# Homework Help: Gravity force term

1. Jul 5, 2012

### swmmr1928

This is not a problem statement this is not homework this is not a textbook exercise. This is my own question about a formula in a textbook. I was given an infraction because I did not post this here.
1. The problem statement, all variables and given/known data

Source: Fluid Mechanics 2nd ed. - P. Kundu, I. Cohen.pdf

I am trying to understand the force balance, specifically the force due to gravity.

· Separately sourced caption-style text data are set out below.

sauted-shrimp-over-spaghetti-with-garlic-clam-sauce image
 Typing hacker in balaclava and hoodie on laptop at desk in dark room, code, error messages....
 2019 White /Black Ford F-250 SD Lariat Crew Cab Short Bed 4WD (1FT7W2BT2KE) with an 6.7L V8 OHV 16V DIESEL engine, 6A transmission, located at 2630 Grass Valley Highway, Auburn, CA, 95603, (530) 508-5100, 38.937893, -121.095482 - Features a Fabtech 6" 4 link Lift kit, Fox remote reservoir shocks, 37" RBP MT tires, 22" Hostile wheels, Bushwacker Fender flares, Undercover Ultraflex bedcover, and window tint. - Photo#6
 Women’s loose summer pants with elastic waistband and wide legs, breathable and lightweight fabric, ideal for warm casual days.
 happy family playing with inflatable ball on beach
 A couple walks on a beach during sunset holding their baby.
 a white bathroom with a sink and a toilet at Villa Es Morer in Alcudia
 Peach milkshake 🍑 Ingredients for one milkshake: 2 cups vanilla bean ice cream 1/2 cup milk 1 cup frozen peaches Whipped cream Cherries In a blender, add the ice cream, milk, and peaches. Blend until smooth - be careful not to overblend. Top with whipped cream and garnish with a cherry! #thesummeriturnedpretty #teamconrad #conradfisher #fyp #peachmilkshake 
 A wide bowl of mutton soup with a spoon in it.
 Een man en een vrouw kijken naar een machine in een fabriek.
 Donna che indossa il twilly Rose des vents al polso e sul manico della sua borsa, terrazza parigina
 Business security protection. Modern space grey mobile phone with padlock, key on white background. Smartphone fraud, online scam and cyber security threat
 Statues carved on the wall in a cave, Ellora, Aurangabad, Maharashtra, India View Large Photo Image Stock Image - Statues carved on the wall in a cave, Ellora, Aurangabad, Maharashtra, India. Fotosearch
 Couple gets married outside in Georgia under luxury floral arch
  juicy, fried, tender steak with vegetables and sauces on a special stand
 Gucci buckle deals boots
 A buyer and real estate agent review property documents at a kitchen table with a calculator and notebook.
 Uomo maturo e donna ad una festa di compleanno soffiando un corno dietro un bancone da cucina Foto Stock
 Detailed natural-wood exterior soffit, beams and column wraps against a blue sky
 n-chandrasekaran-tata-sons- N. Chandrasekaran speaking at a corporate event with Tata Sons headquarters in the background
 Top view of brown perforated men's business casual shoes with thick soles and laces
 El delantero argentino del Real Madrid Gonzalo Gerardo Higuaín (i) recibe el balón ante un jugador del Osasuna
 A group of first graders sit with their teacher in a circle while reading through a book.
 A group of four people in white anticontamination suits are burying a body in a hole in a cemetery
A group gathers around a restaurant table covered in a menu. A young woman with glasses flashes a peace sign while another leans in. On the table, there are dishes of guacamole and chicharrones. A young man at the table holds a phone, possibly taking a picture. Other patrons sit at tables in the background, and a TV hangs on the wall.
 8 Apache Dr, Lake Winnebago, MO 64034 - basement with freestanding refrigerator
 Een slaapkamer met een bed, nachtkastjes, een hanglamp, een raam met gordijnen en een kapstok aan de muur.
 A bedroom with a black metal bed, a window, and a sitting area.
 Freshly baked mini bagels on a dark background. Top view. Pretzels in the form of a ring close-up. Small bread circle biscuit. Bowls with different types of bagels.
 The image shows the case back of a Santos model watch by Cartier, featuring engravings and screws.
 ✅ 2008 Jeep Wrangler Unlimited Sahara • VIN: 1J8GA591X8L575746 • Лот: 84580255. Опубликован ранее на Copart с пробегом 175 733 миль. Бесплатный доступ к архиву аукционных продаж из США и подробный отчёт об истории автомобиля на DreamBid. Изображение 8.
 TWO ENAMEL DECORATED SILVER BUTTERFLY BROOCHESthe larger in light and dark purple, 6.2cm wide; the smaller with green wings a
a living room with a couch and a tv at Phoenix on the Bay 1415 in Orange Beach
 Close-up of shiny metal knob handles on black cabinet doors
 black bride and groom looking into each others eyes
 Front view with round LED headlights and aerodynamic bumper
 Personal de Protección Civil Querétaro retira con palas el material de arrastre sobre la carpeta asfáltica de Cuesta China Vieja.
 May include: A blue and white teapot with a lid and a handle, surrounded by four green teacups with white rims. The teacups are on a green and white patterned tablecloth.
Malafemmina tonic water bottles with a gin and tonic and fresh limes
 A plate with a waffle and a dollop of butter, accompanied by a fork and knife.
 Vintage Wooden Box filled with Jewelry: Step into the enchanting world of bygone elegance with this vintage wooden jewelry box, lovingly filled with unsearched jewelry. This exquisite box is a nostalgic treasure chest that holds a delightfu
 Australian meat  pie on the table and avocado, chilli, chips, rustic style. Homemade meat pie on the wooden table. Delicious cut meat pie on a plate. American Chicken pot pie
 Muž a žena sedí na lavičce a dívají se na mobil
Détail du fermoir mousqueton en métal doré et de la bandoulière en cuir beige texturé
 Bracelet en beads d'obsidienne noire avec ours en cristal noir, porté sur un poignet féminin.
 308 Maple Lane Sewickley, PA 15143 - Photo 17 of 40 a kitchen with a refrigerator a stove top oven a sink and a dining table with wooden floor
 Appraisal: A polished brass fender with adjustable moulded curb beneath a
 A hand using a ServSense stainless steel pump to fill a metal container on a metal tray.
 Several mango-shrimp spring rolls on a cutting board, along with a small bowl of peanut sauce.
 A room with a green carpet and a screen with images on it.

Why is the (1/2) present?

2. Relevant equations

(1/2) * ρ * g * dx * dz

3. The attempt at a solution

I tried my own force balance and I agree with the book except for the gravity term:

ƩF in vertical = 0 = +p2dx - Fgravity - p1ds*cos(θ)
Fgravity = m*a = m*g = ρ*V*g
m=V*ρ
ƩF in vertical = 0 = +p2dx - ρ*V*g - p1ds*cos(θ)

2. Jul 5, 2012

### swmmr1928

Oh I have received an email regarding the thread I started in the general physics section. Another user replied:

"m=ρ*A*d <=> (since d=1, for its of unit thickness)
m=ρ*(dxdz/2) = 1/2 ρ dx dz (since A is that of a triangle) and hence
F= -1/2 ρ dx dz g"

So is this correct: ?
V = s*A
A=1/2*x*y
V=1/2*x*y*s
s=1
V=1/2*x*y

How are you able to suddenly invoke differential length?

3. Jul 5, 2012

### Staff: Mentor

It's a triangle, so its volume is 1/2 that of a rectangular element. Area = 1/2dxdz.

4. Jul 6, 2012

### swmmr1928

How are you able to suddenly invoke differential length?

5. Jul 6, 2012

### Staff: Mentor

What's sudden about it? The infinitesimal fluid element in your diagram has a triangular cross section with sides dx & dz.